Task prompt => Repeat, line for line, only the span that opens at the "R23PDW are the vehicle registration plates." line and closes at the final line below. Skip the pictures.

Dataset extract =>
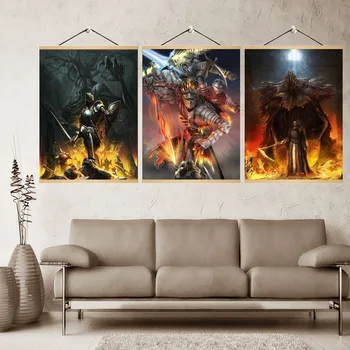 

Game Dark Souls Solid Wood Hanging Scroll Painting High Quality Canvas Print Home Decor Bedroom Wall Poster Modern Unique Gift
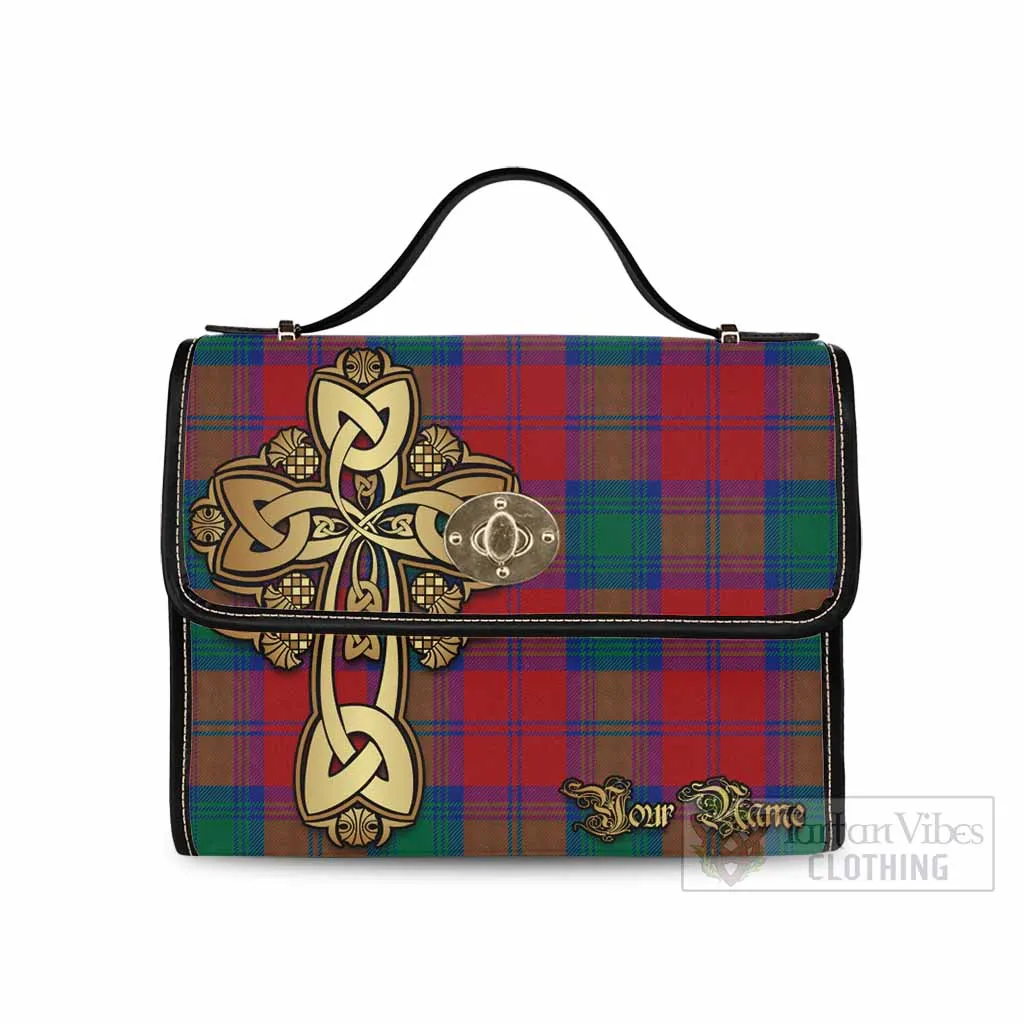 Byres (Byses) Tartan Waterproof Canvas Bag Golden Thistle Celtic Cross Style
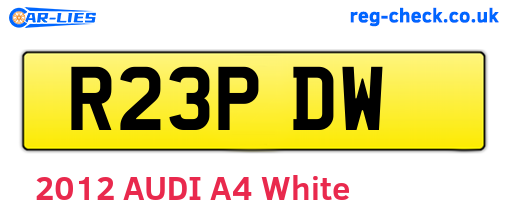 R23PDW are the vehicle registration plates.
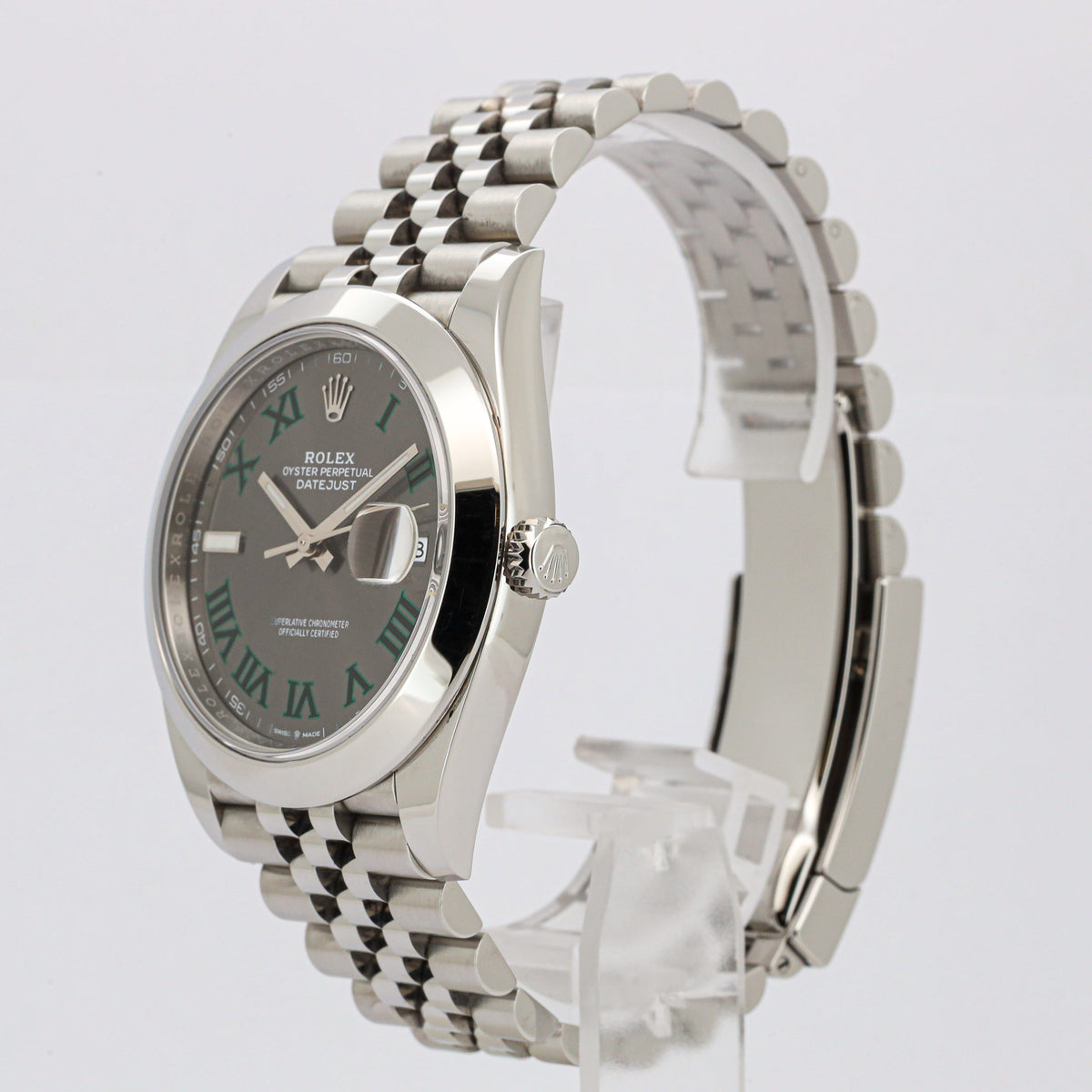 Rolex Datejust 41 126300 Edelstahl Wimbledon Dial Jubilee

Result =>
 R23PDW are the vehicle registration plates.
 Rolex Datejust 41 126300 Edelstahl Wimbledon Dial Jubilee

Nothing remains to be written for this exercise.